Obraz ptychograficzny jest prawie doskonały, pozbawiony wad analogowych obrazów optycznych, zniekształceń, rozmyć i aberracji. Najczęściej obecnie stosowanymi urządzeniami wykorzystującymi tę technikę są mikroskopy rentgenowskie, gdzie pierwotną falą propagacyjną jest spójne promieniowanie rentgenowskie. Wachlarz zastosowań jest niezmiernie szeroki i ważny m.in. dla współczesnej technologii materiałowej. Mikroskopy rentgenowskie są wykorzystywane do badania farb, chemicznego obrazowania baterii, obrazowania warstw ogniw słonecznych i innych materiałów hi-tech. Ptychografia w świetle widzialnym jest używana do badań biologicznych komórek, ich wzrostu, reprodukcji oraz ruchliwości. Dzięki ptychografii możliwy jest rozwój badań materiałów anizotropowych jak na przykład metapowierzchnie czyli cienkie warstwy materiałów z wzorami nanoskalowymi pozwalające manipulować padającym na nie światłem. Nie byłoby też współczesnej nanotechnologii i nanomateriałów bez obrazowania ptychograficznego.

Historia

Pionierem ptychografii jest Walter Hoppe, który w 1969 roku opisał jej założenia i podstawy teroretyczne. Celem Hoppego było badanie struktur krystalicznych. Niestety, nie doczekał realizacji swojej idei, a to z powodu niewystarczającej mocy obliczeniowej ówczesnych komputerów oraz słabej jakości detektorów. Koncepcja ptychografii została przez niego porzucona w 1973. Dopiero w późnych latach 90. XX wieku komputery dysponowały odpowiednią mocą i pamięcią pozwalającymi na przeprowadzenie zasobochłonnych obliczeń. Prawdziwy rozwój ptychografii jako techniki mikroskopowej rozpoczął się w 2007 roku, kiedy zademonstrowano iteracyjną ptychografię rentgenowską w Swiss Light Source, nowym synchrotronie w Instytucie Paula Scherrera w Szwajcarii.

Zobaczyć atom

Wiadomo, że klasyczna mikroskopia elektronowa pozwala “zobaczyć” atomy, a właściwie domyślić się ich położenia, bo jakość obrazu pozostawia wiele do życzenia. Więc o co ten szum? Otóż o to, że algorytmy ptychograficzne pozwalają pięciokrotnie poprawić rozdzielczość obrazu z soczewki elektronowej stosowanej w mikroskopach elektronowych. Pokazano to w 2012 roku, a w 2018 pobito rekord Guinnessa w rozdzielczości mikroskopu (rekord poprawiono w 2021).
Obrazy ptychograficzne są rekonstruowane praktycznie bezstratnie i jedynymi zniekształceniami obrazu atomu są drgania termiczne. Nowy (2021) matrycowy detektor pikseli mikroskopu elektronowego (EMPAD) oferuje rozdzielczość 1 pikometra (pm) czyli 10-12 metra. Wielkość atomu to rząd wielkości
10-10 metra czyli 100 pm. A więc można obserwować prawdziwy obraz prawdziwego atomu a nie tylko rozmytą plamkę. W dodatku w trzech wymiarach. Jest to technika, która już znajduje wiele zastosowań, między innymi w technologii półprzewodników, katalizatorów, materiałów kwantowych (komputery kwantowe).

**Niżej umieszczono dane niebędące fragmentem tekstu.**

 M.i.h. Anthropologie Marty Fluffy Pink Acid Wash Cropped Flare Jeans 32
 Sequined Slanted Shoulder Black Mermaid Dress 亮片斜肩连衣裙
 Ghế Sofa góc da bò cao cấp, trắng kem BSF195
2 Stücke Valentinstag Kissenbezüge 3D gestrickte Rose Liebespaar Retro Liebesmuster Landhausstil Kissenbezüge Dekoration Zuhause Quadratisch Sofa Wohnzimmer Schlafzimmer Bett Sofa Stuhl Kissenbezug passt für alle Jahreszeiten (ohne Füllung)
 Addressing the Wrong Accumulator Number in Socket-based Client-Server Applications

Ryc. 2 Obraz cząsteczek dwusiarczku molibdenu MoS2 w “niskich” rozdzielczościach oraz rozdzielczości 0,39 angstrema (Å) pozwalającej zaobserwować puste, widmowe miejsce po atomie siarki.
Źródło [1] DOI 10.1038/s41586-018-0298-5 [5]

Rzeczywiste powiększenie mikroskopu zespołu naukowców z Cornell University pod kierownictwem Davida Mullera wynosi 100 milionów. Ciekawostką jest, że detektor EMPAD celowo rozmywa nieco wiązkę, aby poprawić rekonstrukcję cyfrową. [4]

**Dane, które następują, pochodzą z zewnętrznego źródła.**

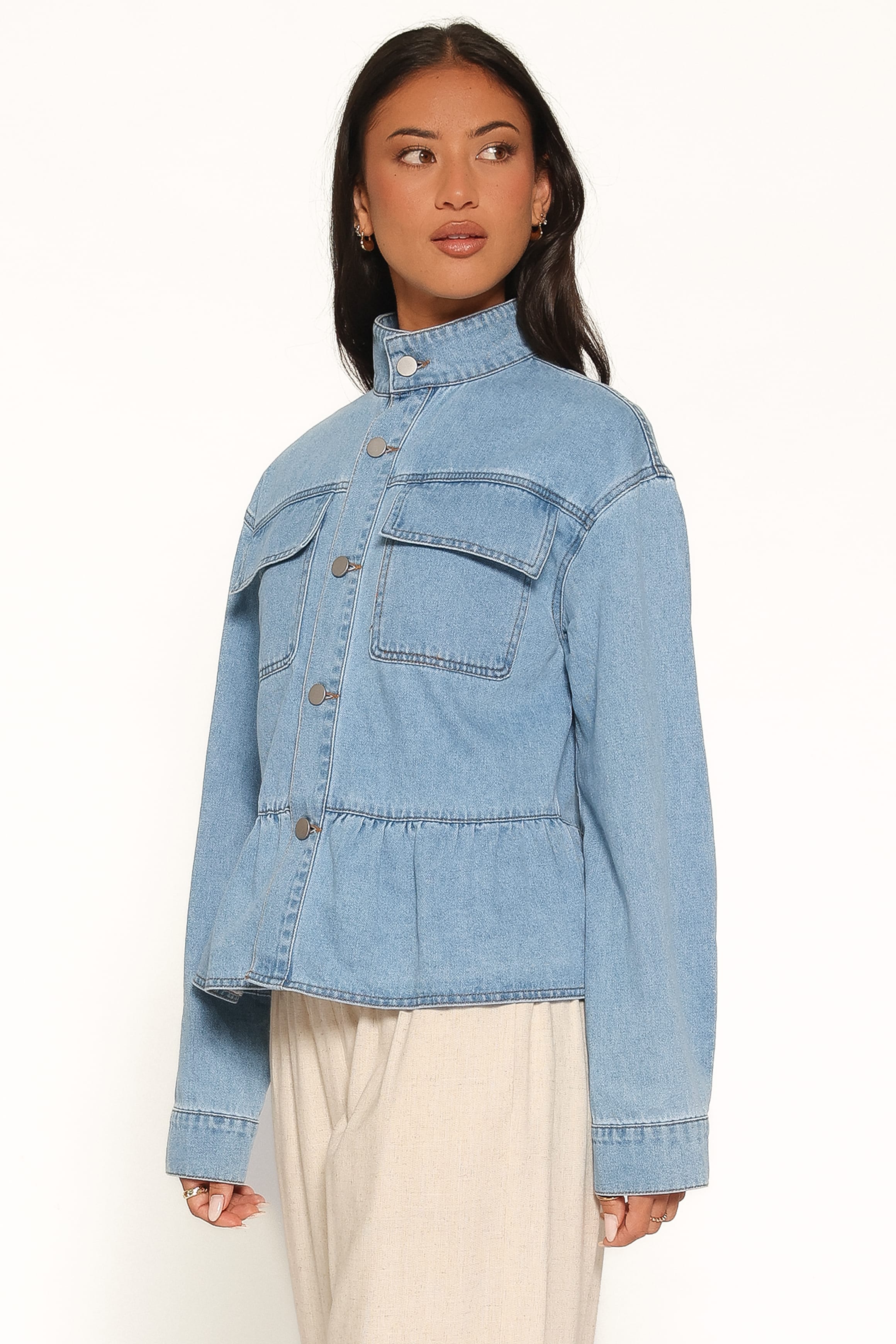 Peplum Denim Jacket - Medium Wash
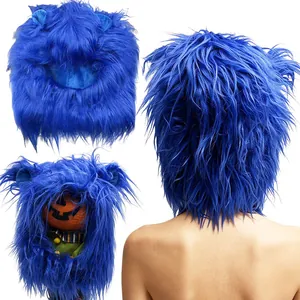 Detail view of high-quality blue shaggy faux fur monster headgear for Halloween cosplay.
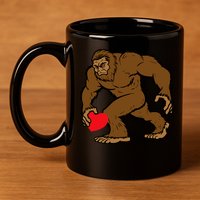 Valentines Day Bigfoot Heart Sasquatch 11oz C Handle Ceramic Mug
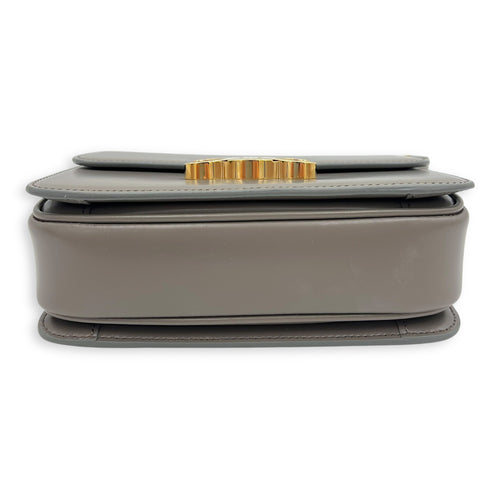 Celine Triomphe Crossbody Bag teen Grey in Calfskin, Gold hardware_7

Ryc. 3 Zdjęcie atomów ortoskandanu prazeodymu (PrScO3) wykonane za pomocą ptychografii elektronowej. Źródło: Cornell University [3]

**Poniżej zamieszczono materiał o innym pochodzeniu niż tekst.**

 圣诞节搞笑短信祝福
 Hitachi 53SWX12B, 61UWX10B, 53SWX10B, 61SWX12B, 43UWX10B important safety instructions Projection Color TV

Lepszą, ale tylko trochę, rozdzielczość można uzyskać schładzając próbkę. Jednakże nawet w temperaturze zera absolutnego występują fluktuacje kwantowe rozmazujące obraz, więc można powiedzieć, że osiągnięto fizyczną granicę mikroskopii, 100000000x. Być może postęp w wydajności komputerów i bardziej wydajne algorytmy, w tym algorytmy sztucznej inteligencji oparte na uczeniu maszynowym poprawią te wyniki.

Ryc. 4 David Muller i jego mikroskop elektronowy z dopalaczem EMPAD.
Źródło: Jessie Winter dla Nature [1]

Opisana wyżej ptychografia bezsoczewkowa jest nazywana klasyczną. Technikę obrazowania za pomocą składania obrazu docelowego z obrazów cząstkowych za pomocą algorytmu z wykorzystaniem mikroskopu o standardowej optyce nazywamy ptychografią Fouriera. Dlaczego Fouriera? Ponieważ algorytmy obliczeniowe wykorzystują transformatę Fouriera do uzyskania obrazu o wysokiej rozdzielczości. Jedyną znaczącą zmianą jest zastąpienie standardowego oświetlenia oświetleniem szeregiem diod LED. Program rekonstruujący obraz badanego przedmiotu wykorzystuje algorytm iteracyjnego odzyskiwania fazy z szeregu obrazów dyfrakcyjnych. Współczynnik poprawy rozdzielczości w stosunku do obrazu analogowego z mikroskopu jest znaczący i wynosi 2, a jeśli stosuje się obrazy ciemnego pola to poprawa rozdzielczości jest jeszcze większa.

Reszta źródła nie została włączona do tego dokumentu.